Auch Künstlerin Renate Amon plant nicht, heuer zu fasten. „Ich mache keine Fastenkuren, weil man nachher normal mehr zunimmt, als man vorher abgenommen hat. Für mich ist das nicht effektiv“, erzählt sie. Wichtiger sei, sich aus langfristige Sicht gesund zu ernähren. „Ich versuche beispielsweise viel Tee zu trinken und allgemein weniger Zucker zu mir zu nehmen.“ Viel Obst und Gemüse würden auch helfen, dauerhaft das Gewicht zu halten.

„Ich faste eigentlich nie“, erzählt AMS-Bezirksstellenleiter Kurt Steinbauer. Auf eine gesunde Lebensweise sollte man auch nach seiner Meinung nach immer achten, und nicht nur zur Fastenzeit. „Man kann natürlich die Genüsse nicht ganz vergessen, aber immer auf Teufel komm raus leben und dann ein paar Wochen fasten bringt für mich auch nichts“, meint Steinbauer.

Der Zwettler Lagerhaus-Chef Johann Bayr.
NOEN

Wirklich viel Erfolg beim Fasten hatte auch Lagerhaus-Chef Johann Bayr bisher nicht. „Ich bin jetzt über 60 und habe schon einige Fastenzeiten hinter mir. Viel gebracht hat es bisher noch nie“, schildert er. Deshalb würde er auch dieses Jahr nicht dediziert fasten. „Ich werde höchstens versuchen, mich mehr an der frischen Luft aufzuhalten, werde aber sonst normal weiterleben.“ Auch er ist der Meinung, dass ein gleichmäßiger Weg der richtige sei.

Abstinenz ging aus Fastenzeit hervor

In einem Aspekt habe die Fastenzeit allerdings tatsächlich geholfen. „Ich habe mir mal vorgenommen, in der Fastenzeit keinen Alkohol mehr zu trinken. Das führte dazu, dass ich mittlerweile gar keinen mehr trinke“, erzählt Bayr. Seit fünf Jahren ist er jetzt alkoholtechnisch „ausgetrocknet“. „Das ist vielleicht mein größter Fastenerfolg“, betont er.

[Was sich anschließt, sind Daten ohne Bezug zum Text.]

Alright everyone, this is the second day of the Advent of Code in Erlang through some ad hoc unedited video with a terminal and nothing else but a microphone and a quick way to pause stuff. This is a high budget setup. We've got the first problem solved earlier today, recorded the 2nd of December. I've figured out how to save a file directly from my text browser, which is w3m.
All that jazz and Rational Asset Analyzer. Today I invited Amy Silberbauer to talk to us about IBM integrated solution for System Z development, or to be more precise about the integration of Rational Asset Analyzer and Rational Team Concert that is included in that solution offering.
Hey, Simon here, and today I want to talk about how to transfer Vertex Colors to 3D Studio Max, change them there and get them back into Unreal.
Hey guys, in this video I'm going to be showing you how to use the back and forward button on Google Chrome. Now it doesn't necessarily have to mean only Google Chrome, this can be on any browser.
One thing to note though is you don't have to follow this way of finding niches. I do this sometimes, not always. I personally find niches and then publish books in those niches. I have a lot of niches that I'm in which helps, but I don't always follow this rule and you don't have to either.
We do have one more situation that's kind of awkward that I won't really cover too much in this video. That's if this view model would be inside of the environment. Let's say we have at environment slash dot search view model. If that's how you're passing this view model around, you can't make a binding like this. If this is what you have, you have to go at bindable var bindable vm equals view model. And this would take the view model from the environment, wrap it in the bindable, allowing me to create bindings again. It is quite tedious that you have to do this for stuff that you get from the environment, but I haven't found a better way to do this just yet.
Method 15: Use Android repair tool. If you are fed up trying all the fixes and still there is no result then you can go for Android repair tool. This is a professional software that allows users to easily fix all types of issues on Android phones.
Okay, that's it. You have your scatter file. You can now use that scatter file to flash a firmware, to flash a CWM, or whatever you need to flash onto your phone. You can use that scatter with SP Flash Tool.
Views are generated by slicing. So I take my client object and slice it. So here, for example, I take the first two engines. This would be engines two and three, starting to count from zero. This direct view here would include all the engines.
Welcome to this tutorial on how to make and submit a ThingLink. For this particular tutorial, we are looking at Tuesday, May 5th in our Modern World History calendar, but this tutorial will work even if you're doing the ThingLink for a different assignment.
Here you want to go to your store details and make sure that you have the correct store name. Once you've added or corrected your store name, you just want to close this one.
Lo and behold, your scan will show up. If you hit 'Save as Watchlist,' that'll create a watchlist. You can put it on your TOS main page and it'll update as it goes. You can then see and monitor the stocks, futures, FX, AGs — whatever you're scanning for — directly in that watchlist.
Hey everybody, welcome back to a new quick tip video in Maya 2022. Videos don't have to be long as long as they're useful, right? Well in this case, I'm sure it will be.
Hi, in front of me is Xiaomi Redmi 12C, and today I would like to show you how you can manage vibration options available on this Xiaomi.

„Fasten ist für mich nicht unbedingt auf das Essen bezogen“, sagt Unternehmer Christof Kastner. „Viel mehr geht es meiner Meinung nach darum, bewusster zu leben. Ich denke da an Wörter wie Nachhaltigkeit und Bio.“ Das solle aber auch nicht nur in der Fastenzeit ein Thema sein. Fastenzeit heiß für Kastner also nicht, weniger essen. „Das wäre ja auch nicht so ideal für mich. Ich lebe schließlich vom Verkauf. In der Hinsicht würde ich mir eigentlich wünschen, dass die Leute nicht fasten“, scherzt Kastner.

Der Zwettler Laufklub-Obmann Reinhard Poppinger achtet auf mehr Bewegung.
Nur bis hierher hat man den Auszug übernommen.